In December, a large coalition of environmental and other groups wrote to President Obama and urged him to replace Interior Secretary Salazar with Congressman Raul Gijalva (D – Arizona). At the time, Salazar had not indicated a desire to depart the administration. Since then, EPA Administrator Lisa Jackson has announced her departure, and today Secretary Salazar made it official.
One does not usually unearth gems of ironic prose in US government press releases, but in Salazar’s announcement you will find the following:
Under Secretary Salazar’s leadership, Interior has played a keystone role in developing a secure energy future for the United States (emphasis added).
Bemused observers will recall that Secretary Salazar opposed the Keystone Pipeline project.

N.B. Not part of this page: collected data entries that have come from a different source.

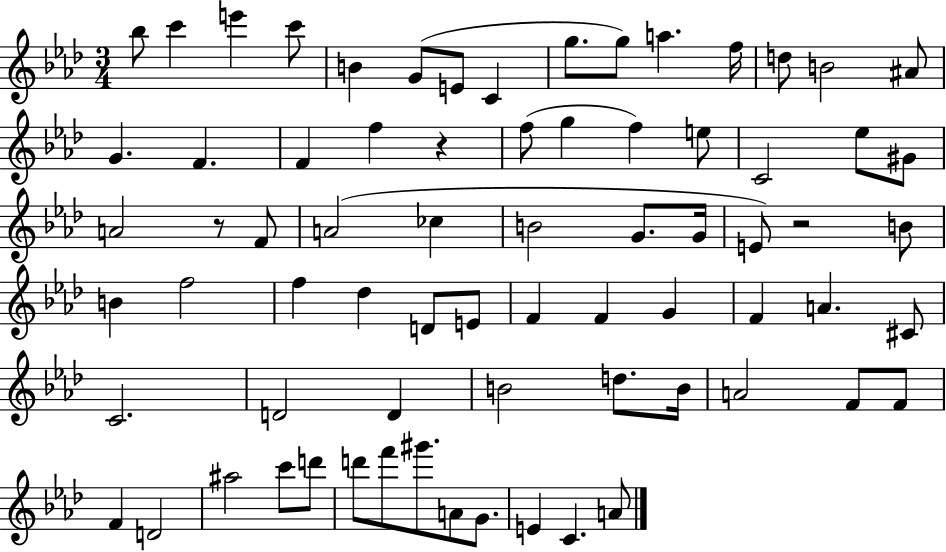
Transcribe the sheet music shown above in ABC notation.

X:1
T:Untitled
M:3/4
L:1/4
K:Ab
_b/2 c' e' c'/2 B G/2 E/2 C g/2 g/2 a f/4 d/2 B2 ^A/2 G F F f z f/2 g f e/2 C2 _e/2 ^G/2 A2 z/2 F/2 A2 _c B2 G/2 G/4 E/2 z2 B/2 B f2 f _d D/2 E/2 F F G F A ^C/2 C2 D2 D B2 d/2 B/4 A2 F/2 F/2 F D2 ^a2 c'/2 d'/2 d'/2 f'/2 ^g'/2 A/2 G/2 E C A/2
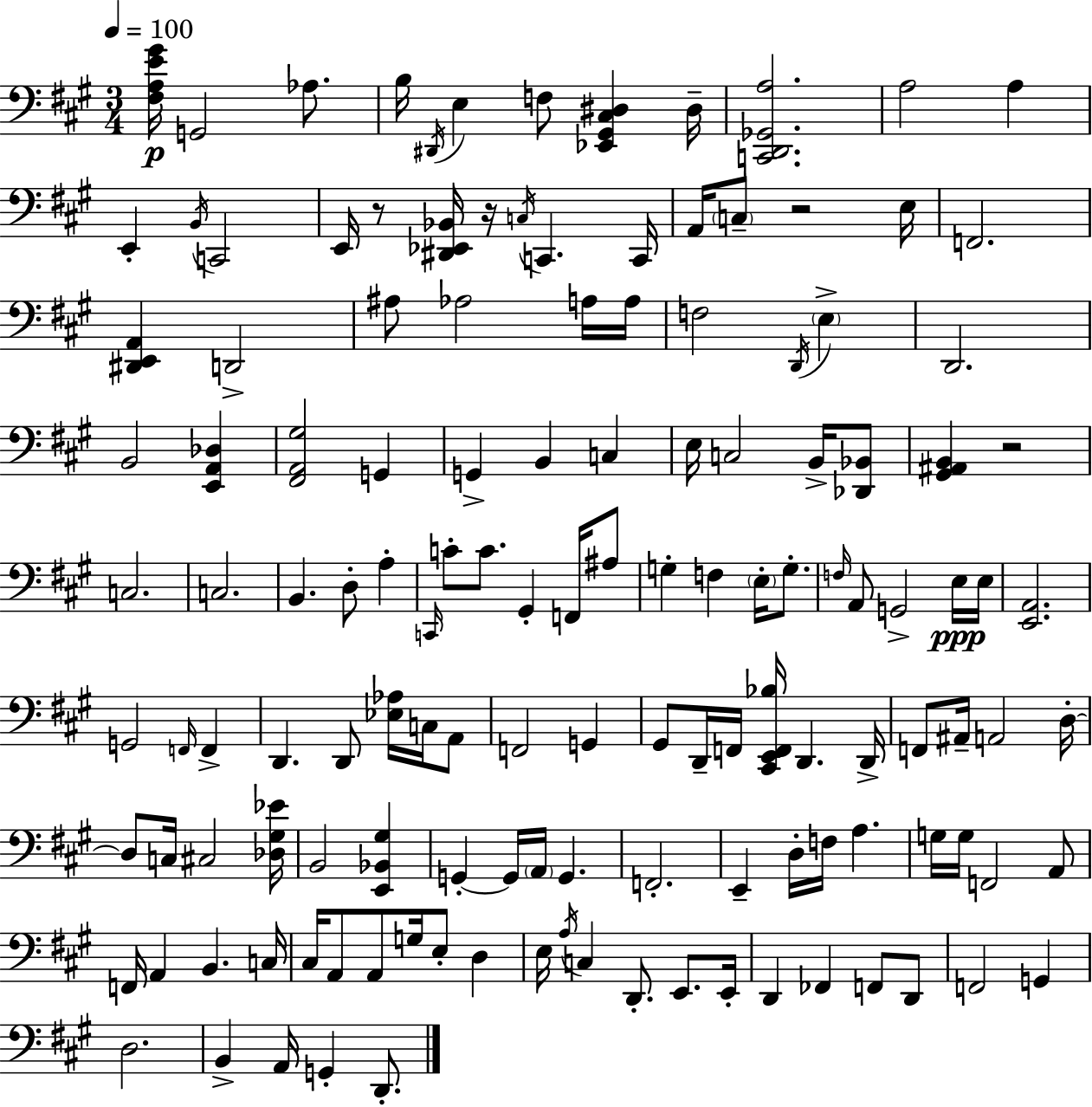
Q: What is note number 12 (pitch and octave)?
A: C2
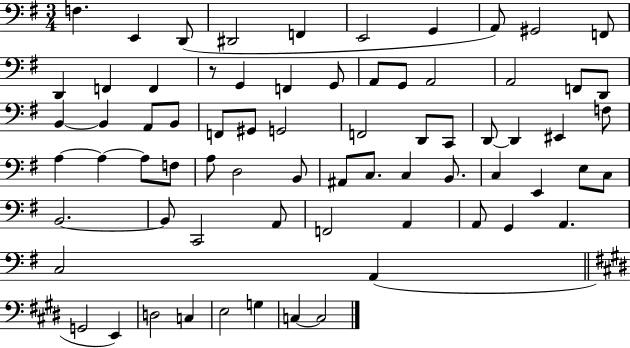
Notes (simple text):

F3/q. E2/q D2/e D#2/h F2/q E2/h G2/q A2/e G#2/h F2/e D2/q F2/q F2/q R/e G2/q F2/q G2/e A2/e G2/e A2/h A2/h F2/e D2/e B2/q B2/q A2/e B2/e F2/e G#2/e G2/h F2/h D2/e C2/e D2/e D2/q EIS2/q F3/e A3/q A3/q A3/e F3/e A3/e D3/h B2/e A#2/e C3/e. C3/q B2/e. C3/q E2/q E3/e C3/e B2/h. B2/e C2/h A2/e F2/h A2/q A2/e G2/q A2/q. C3/h A2/q G2/h E2/q D3/h C3/q E3/h G3/q C3/q C3/h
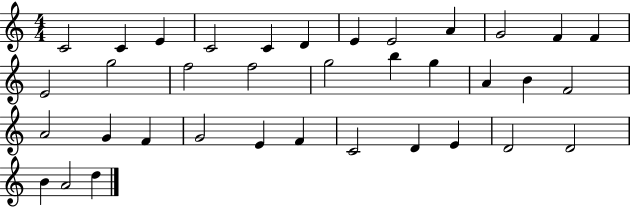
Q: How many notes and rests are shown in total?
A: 36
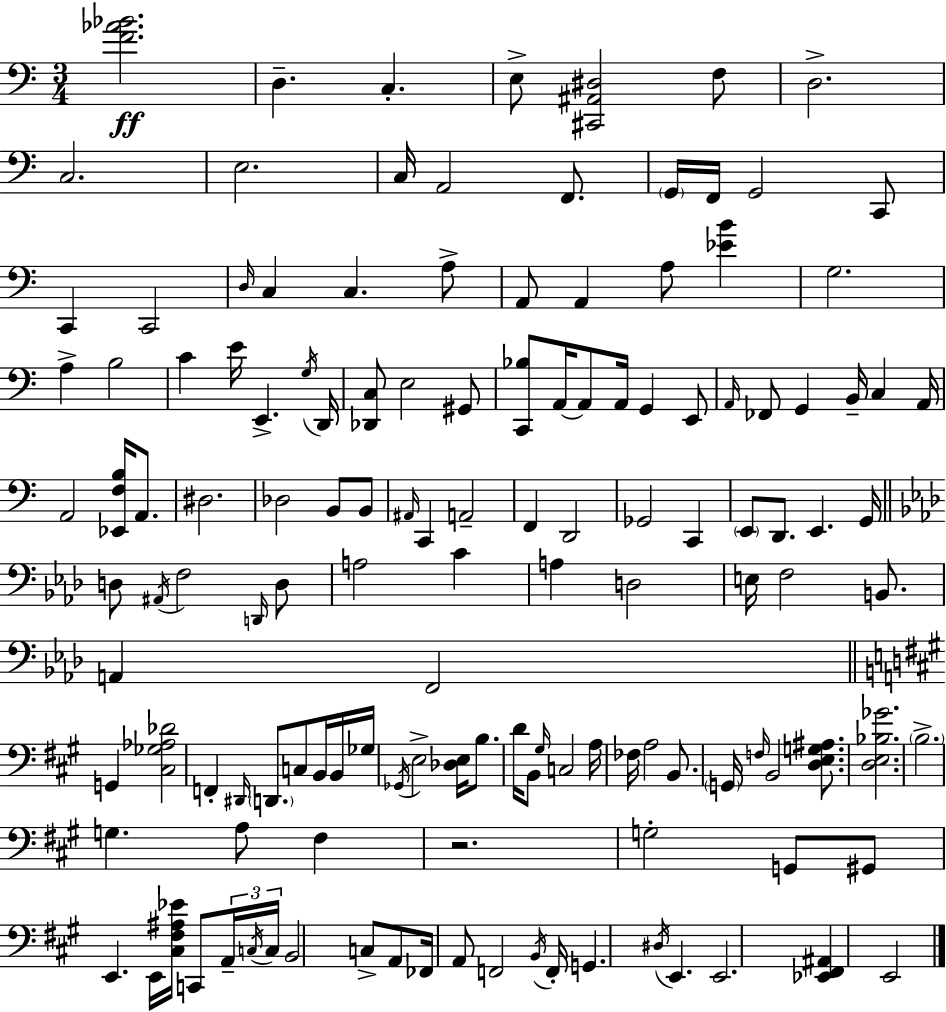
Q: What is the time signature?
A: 3/4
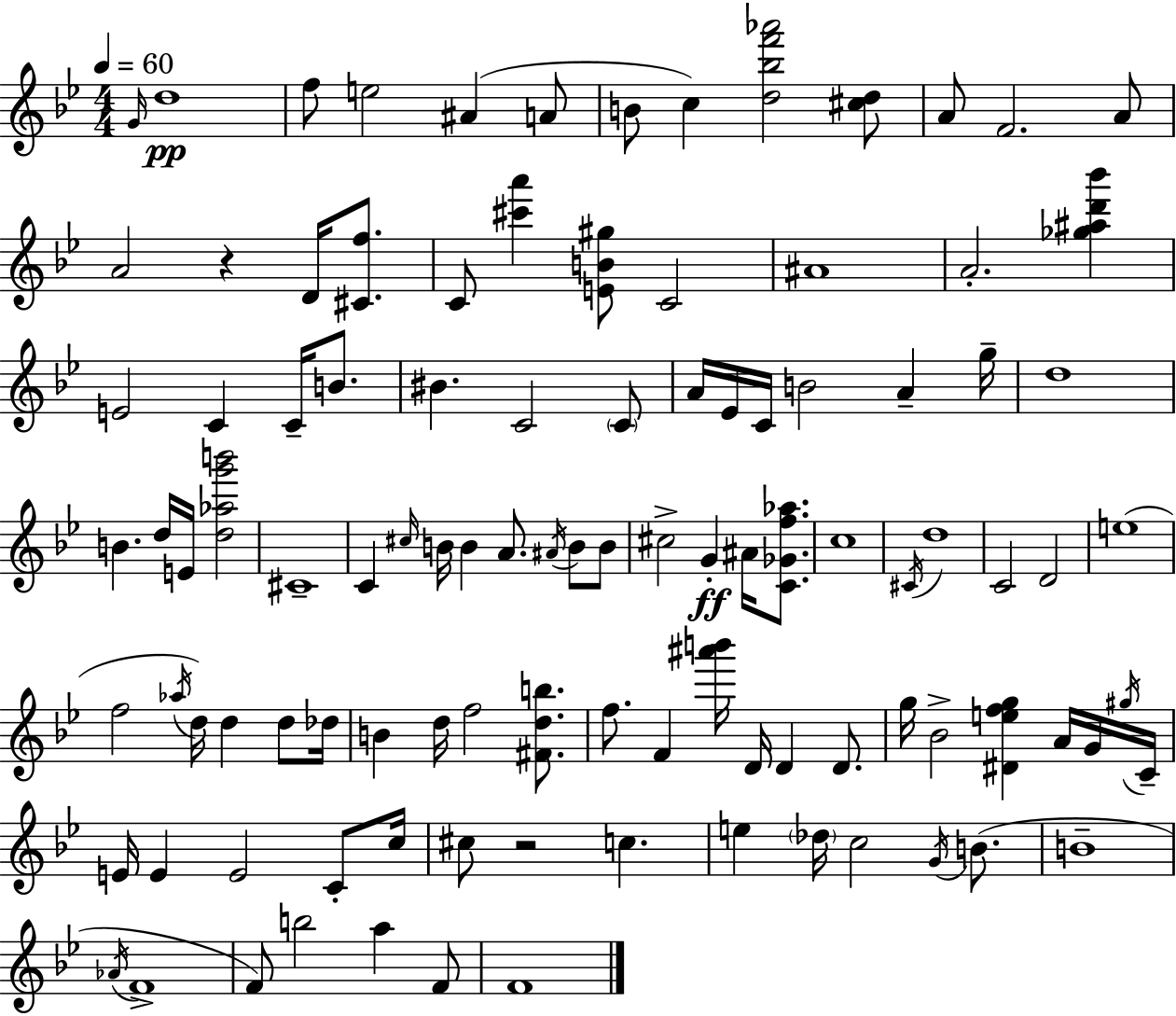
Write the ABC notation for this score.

X:1
T:Untitled
M:4/4
L:1/4
K:Bb
G/4 d4 f/2 e2 ^A A/2 B/2 c [d_bf'_a']2 [^cd]/2 A/2 F2 A/2 A2 z D/4 [^Cf]/2 C/2 [^c'a'] [EB^g]/2 C2 ^A4 A2 [_g^ad'_b'] E2 C C/4 B/2 ^B C2 C/2 A/4 _E/4 C/4 B2 A g/4 d4 B d/4 E/4 [d_ag'b']2 ^C4 C ^c/4 B/4 B A/2 ^A/4 B/2 B/2 ^c2 G ^A/4 [C_Gf_a]/2 c4 ^C/4 d4 C2 D2 e4 f2 _a/4 d/4 d d/2 _d/4 B d/4 f2 [^Fdb]/2 f/2 F [^a'b']/4 D/4 D D/2 g/4 _B2 [^Defg] A/4 G/4 ^g/4 C/4 E/4 E E2 C/2 c/4 ^c/2 z2 c e _d/4 c2 G/4 B/2 B4 _A/4 F4 F/2 b2 a F/2 F4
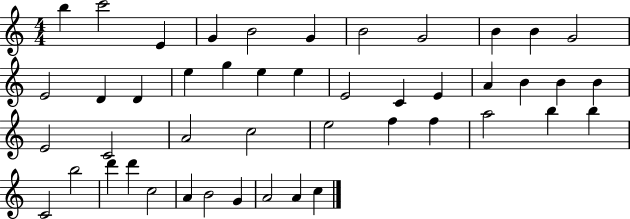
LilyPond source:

{
  \clef treble
  \numericTimeSignature
  \time 4/4
  \key c \major
  b''4 c'''2 e'4 | g'4 b'2 g'4 | b'2 g'2 | b'4 b'4 g'2 | \break e'2 d'4 d'4 | e''4 g''4 e''4 e''4 | e'2 c'4 e'4 | a'4 b'4 b'4 b'4 | \break e'2 c'2 | a'2 c''2 | e''2 f''4 f''4 | a''2 b''4 b''4 | \break c'2 b''2 | d'''4 d'''4 c''2 | a'4 b'2 g'4 | a'2 a'4 c''4 | \break \bar "|."
}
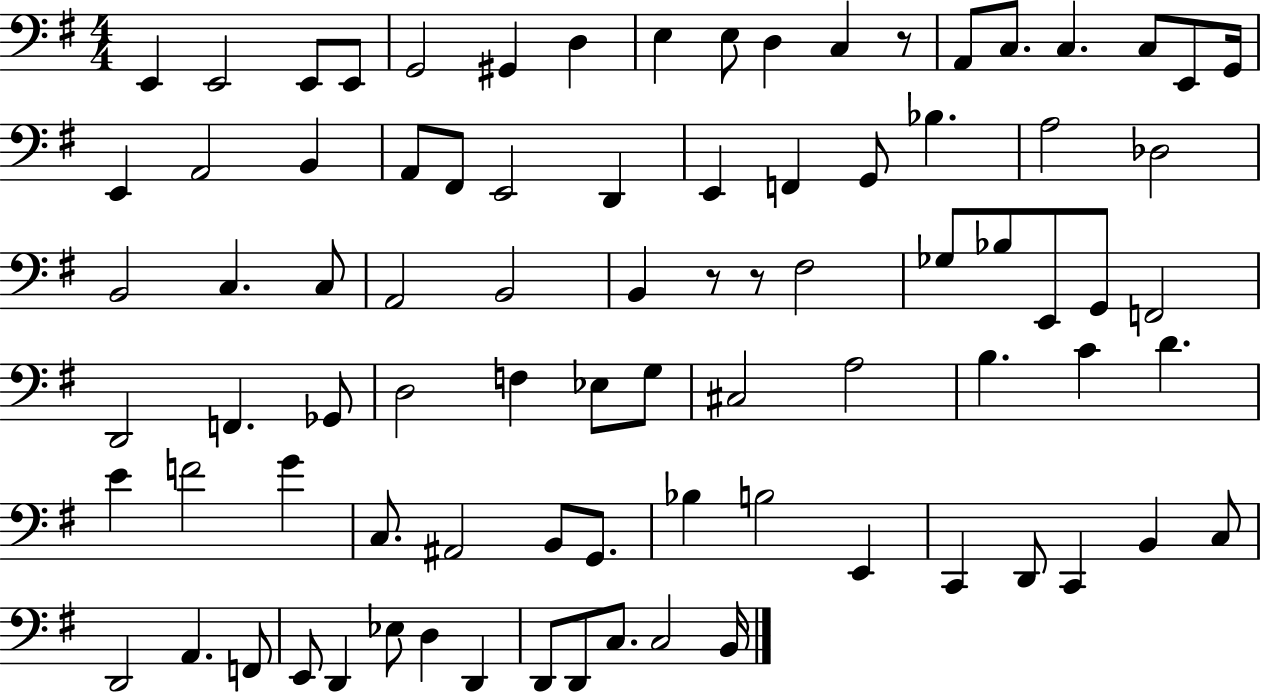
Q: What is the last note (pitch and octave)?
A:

Rumored replacements among the Democratic field include Montana’s recent governor Brian Schweitzer and Washington’s outgoing governor Christine Gregoire (also discussed as a potential successor to Jackson at EPA), as well as former North Dakota Senator Byron Dorgan. Taken together with those rumored for the nomination to head EPA, these potential candidates seem to continue a bi-partisan trend of Easterners leading EPA (e.g. Christine Todd Whitman and Lisa Jackson, both from New Jersey) and Westerners leading Interior (e.g. Gail Norton and Ken Salazar, both from Colorado). Of course, the tendancy is not completely uniform, given former Utah Governor Michael Leavitt‘s tenure as EPA Administrator following Whitman’s.